The survey, distributed via email, asks Colgate employees to share information about their commuting habits such as how often they drive themselves to campus, the distance they drive each time, and the fuel efficiency of their vehicle. This data helps us determine commuting emissions and our overall annual Greenhouse Gas footprint. We have been tracking this data since 2009 as we strive to achieve carbon neutrality by 2019.
319 people representing an impressive 31% of Colgate employees completed this year’s survey. The results provided us with some interesting insights. The average Colgate commuter traveled 3,916 miles to and from work last year, using 156 gallons of gasoline and emitting 2,700 lbs of carbon dioxide in the process. When compared to the average American commuter, the average Colgate commuter traveled a shorter distance to work last year, but used more gallons of gasoline. This suggests that the average Colgate commuter uses a vehicle that is less fuel-efficient than that used by the average American commuter.
In total, Colgate commuters traveled 3,991,229 miles last year and used 150,027 gallons of gasoline. That’s enough travel to go to the moon and back more than eight times! These numbers mark an average increase of 19 gallons per commuter last year from the previous year and the highest numbers since 2013. On the positive side, about 20% of respondents to this year’s survey indicated that they walked or rode a bike to campus at least once per week, with an average of 3.5 days per week – a number that was constant across all seasons. This marks a 5% increase in the number of Colgate employees walking or riding a bike from last year’s average of 15%. Last year’s numbers were also less consistent, with more respondents walking or biking to campus in the summer and fall semester than in the spring semester.
To help Colgate achieve its goal of becoming carbon neutral by 2019, commuters can explore options to decrease the amount of gasoline they use in a year to drive to campus. Driving shorter distances to campus not only saves time and money, but also reduces your carbon footprint.
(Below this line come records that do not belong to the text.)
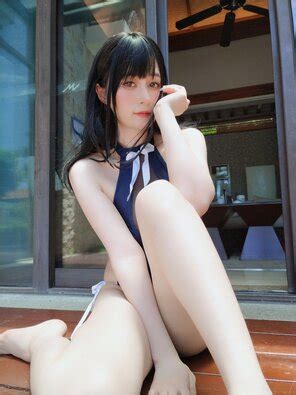 Baiyin 白银 Dark Blue Bikini Photo Gallery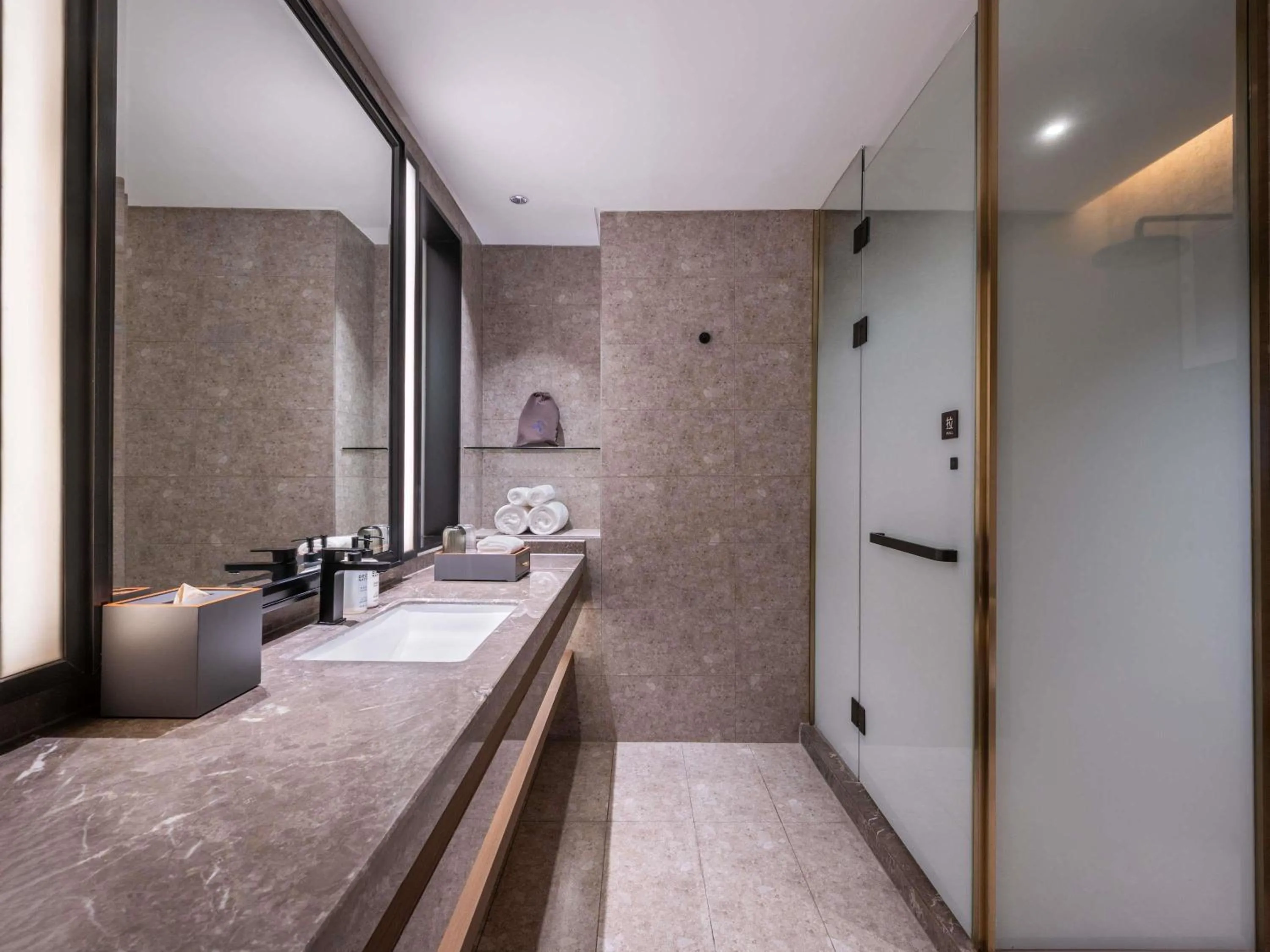 Bedroom in Novotel Hangzhou Xintiandi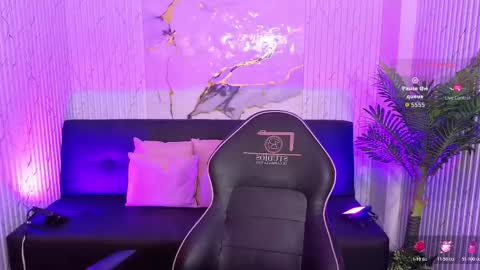 Snapshot of siena_tay chatting on March 4, 2026, 12:11 pm Siena online show from March 4, 2026, 12:11 pm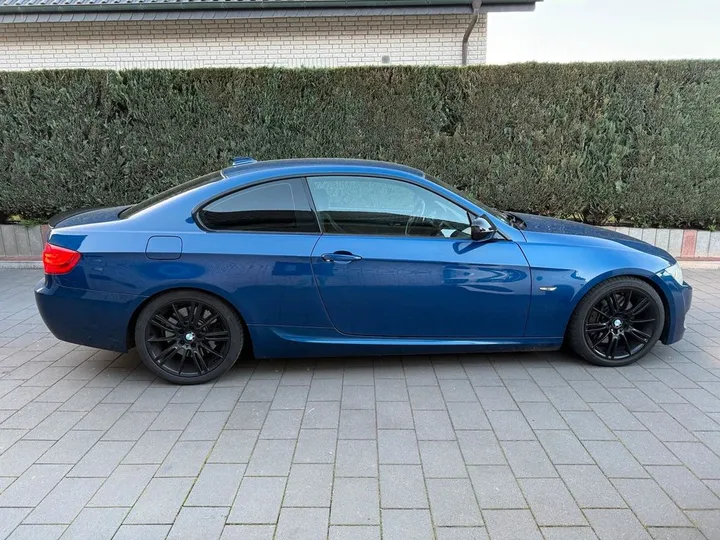 BMW 335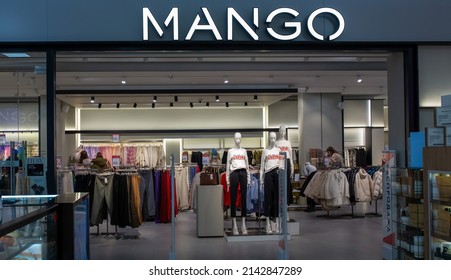 388 Mango Fashion Logo Images, Stock Photos & Vectors | Shutterstock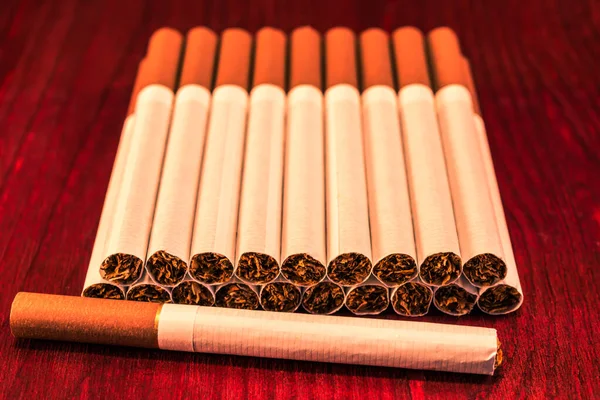 Сигарети Столі Одна Цигарка Передньому Плані — стокове фото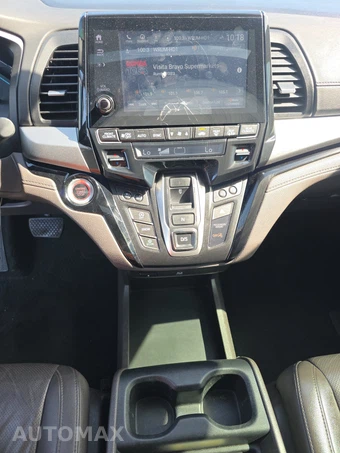 2018 Honda Odyssey Elite 118.1" WB - miniatura 11
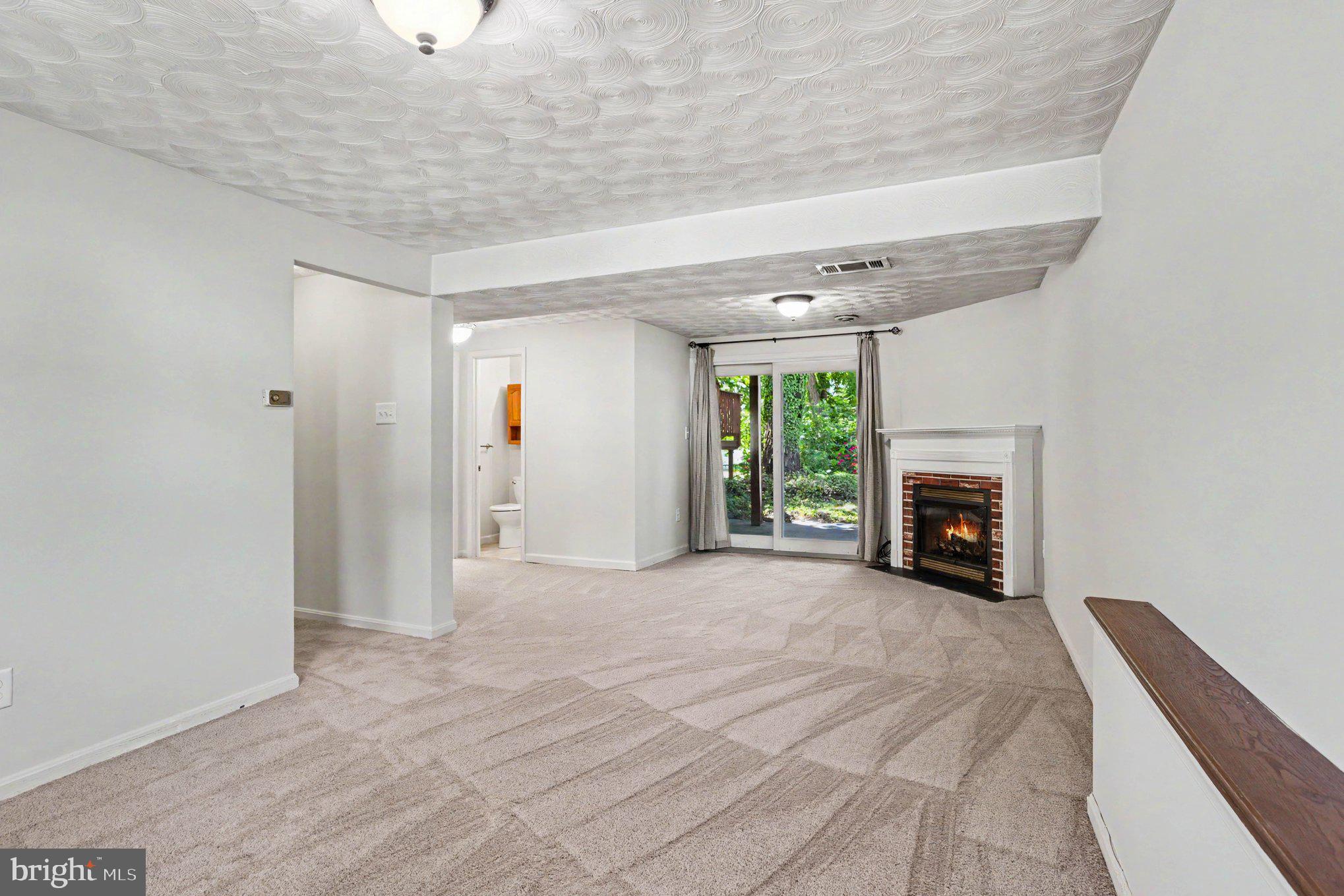 FOUR SEASONS ESTATES - Residential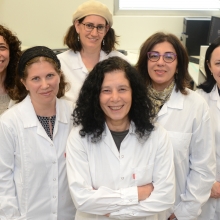 MabTrix团队:从左至右:Daphna Miron博士，Moran Grossman博士，Dorit Landstein博士，Irit Sagi教授，Polina Toidman-Rabinovich博士。后卫:纳瓦·菲戈夫。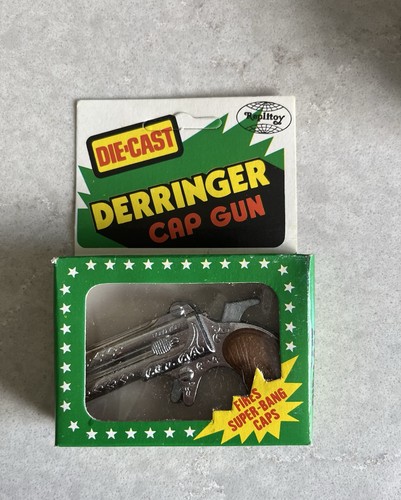 Vintage derringer miniature - derringer,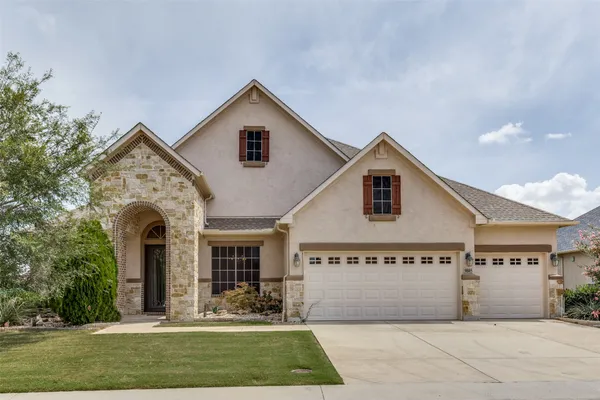 Property Slideshow image 2 of 37 | 9805 ironwood dr, Denton, TX, 76207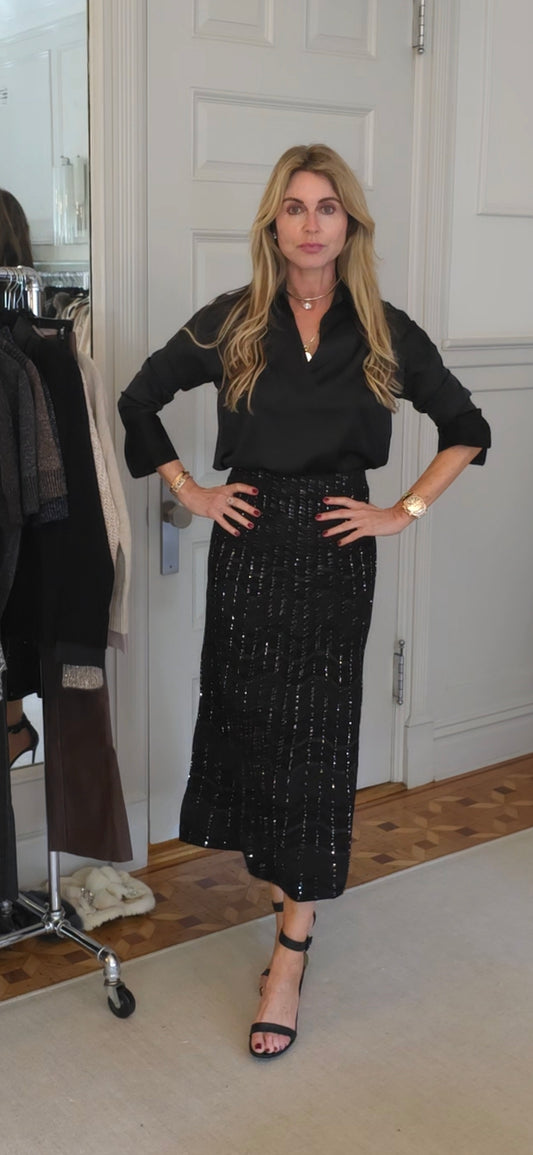 Knitted skirt with sequins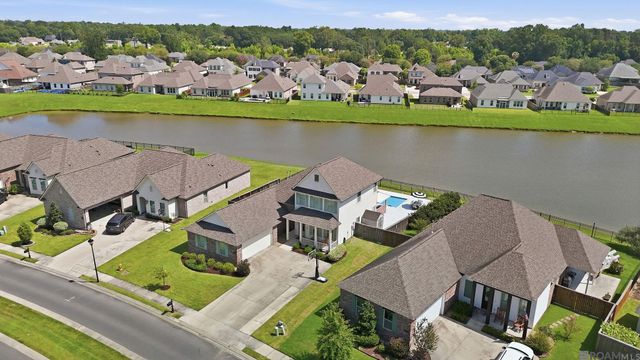 36330 Belle Savanne Ave, Geismar, LA 70734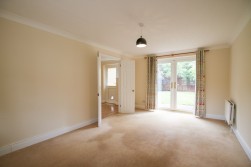 Thorne Close, Crowthorne, Berkshire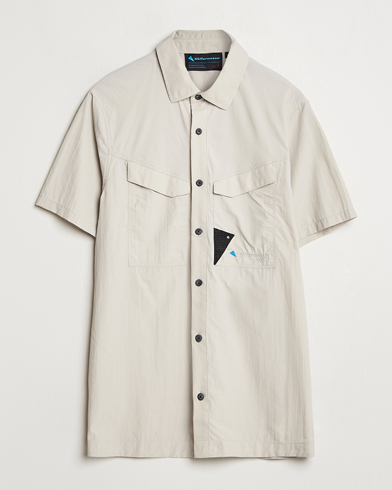 Herren | Freizeithemden | Klättermusen | Syn Short Sleeve Function Shirt Silver Creme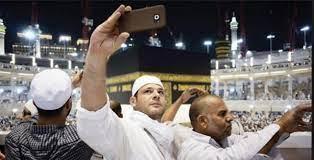 ما حكم الانشغال بالتصوير أثناء أداء موسم الحج؟.. الإفتاء تجيب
Another option is to invest in a more fuel-efficient vehicle. Several employees have already invested in hybrid or ll-electric vehicles. Reducing the number of days you drive to work can also reduce your carbon footprint. This last option could be accomplished by walking to work when weather and distance permits, working from home with your supervisor’s permission, or by carpooling with another Colgate employee who lives nearby. A number of employees commented on the survey that increased bike lanes would make commuting by bicycle more practical and safe, and suggested a variety of improvements that would make it easier for more people to opt out of driving to campus alone. These suggestions will be carefully considered as we rethink parking and circulation patterns on campus.
In the meantime, thank you as always for all you do to support sustainability on campus.